When a worker starts, it will defer periodic tasks that have not been deferred yet but a task that is more than 10 minutes late will not be deferred. This value is configurable in the
App
.
Timestamp argument¶
By default, periodic tasks receive a single integer argument, named
timestamp
. it represents the Unix timestamp of the date/time it was
scheduled for (which might be arbitrarily far in the past).

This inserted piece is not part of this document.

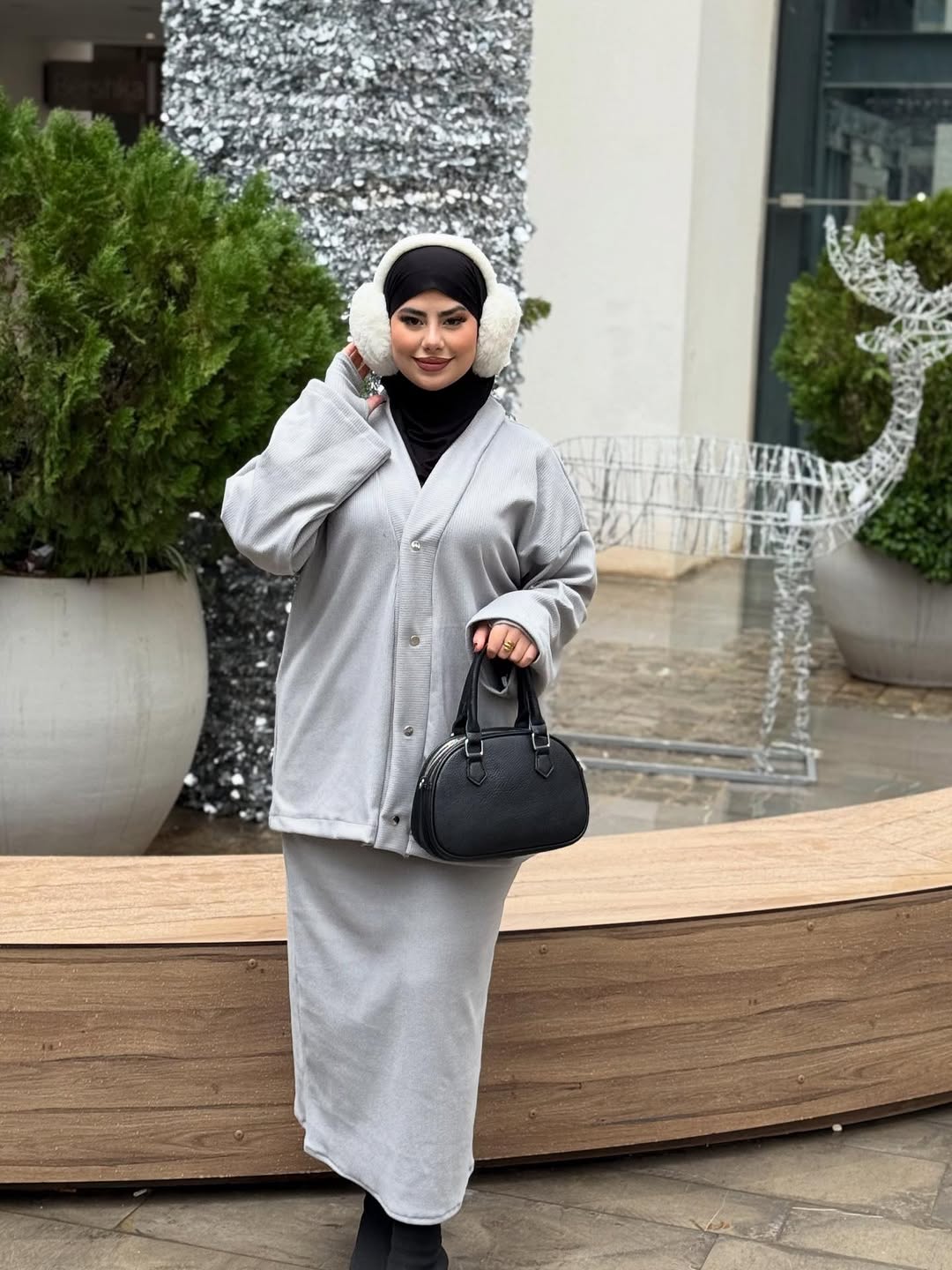 Jupe et Veste Gatifa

Scheduling a job multiple times with multiple arguments¶
It’s possible to pass additional arguments to App.periodic()
, they will be used
to configure the periodic task. Arguments are identical to Task.configure()
.
This can let you add multiple periodic schedules for a single task. If you do
that, you will need to pass a periodic_id
argument to App.periodic()
, which
will be used by Procrastinate to distiguish the different schedules of the same
task.
Of course, you can also use arguments on App.task()
which will be common to all
schedules.
@app.task(lock="do_something_lock")
def do_something(timestamp: int, value: int):
...
app.periodic(
cron="*/5 * * * *",
queue="foo",
task_kwargs={"value": 1},
periodic_id="foo",
)(do_something)
app.periodic(
cron="*/8 * * * *",
queue="bar",
task_kwargs={"value": 2},
periodic_id="bar",
)(do_something)
In the example below, the do_something
task would be deferred every 5
minutes on the queue "foo"
with value=1
and every 8 minutes on the
queue "bar"
with value=2
. And either way, it would be deferred with the
lock "do_something_lock"
.
Note
The arguments schedule_in
and schedule_at
of Task.configure()
would be
confusing in this context, so they’re ignored.
Using cron¶
It’s also perfectly valid to leverage cron or systemd timers to periodically defer jobs, and queuing locks to keep them from accumulating in case of a slowdown in processing.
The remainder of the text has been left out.